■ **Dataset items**
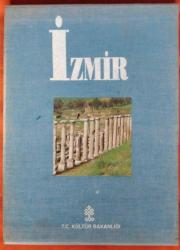 İzmir (Ciltli, Kutulu)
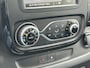 Fiat Talento 2.0 automaat L2 DC Dubbele cabine MARGE btw vrij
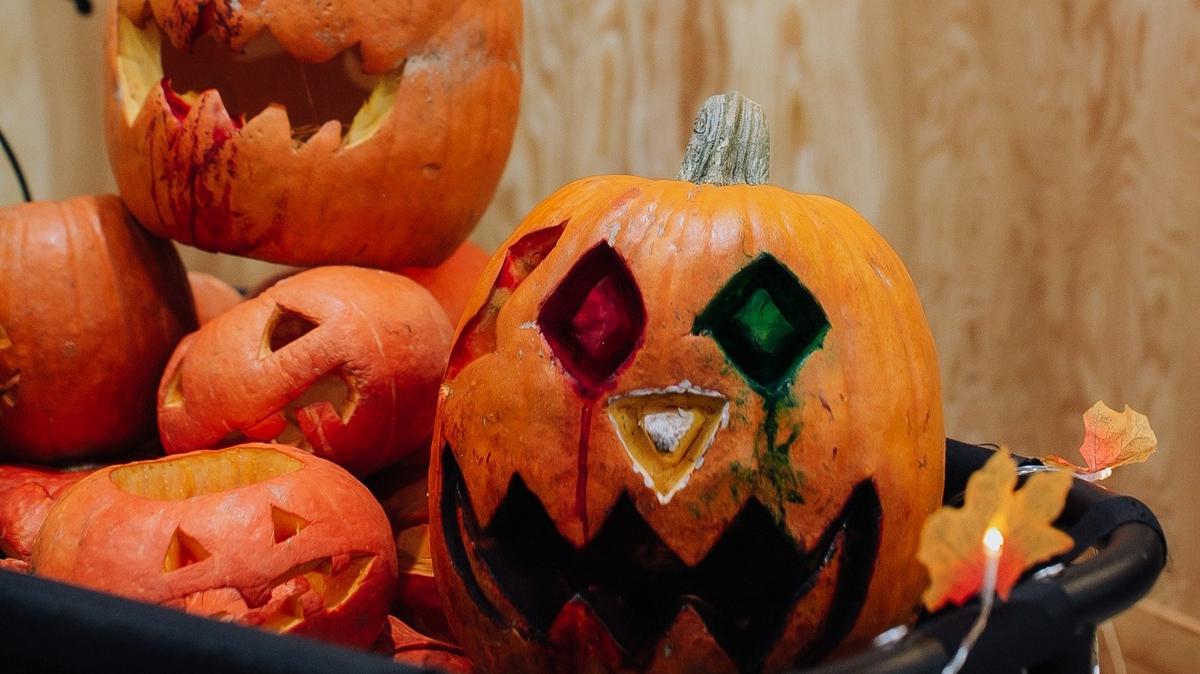 Фото предоставлено организаторами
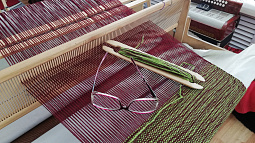 Удалось ли сохранить в Сибири традиционные ремёсла?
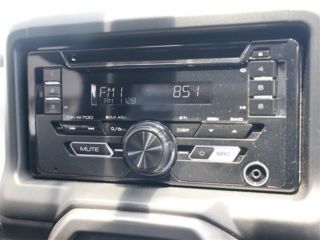 2024 DAIHATSU COPEN Robe S 5MT photo 3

■ **Task prompt**
The required output is the lines from the one containing "Фото предоставлено организаторами" through the end of the data, printed exactly, with no pictures.

■ **Worked solution**
 Фото предоставлено организаторами
 Удалось ли сохранить в Сибири традиционные ремёсла?
 2024 DAIHATSU COPEN Robe S 5MT photo 3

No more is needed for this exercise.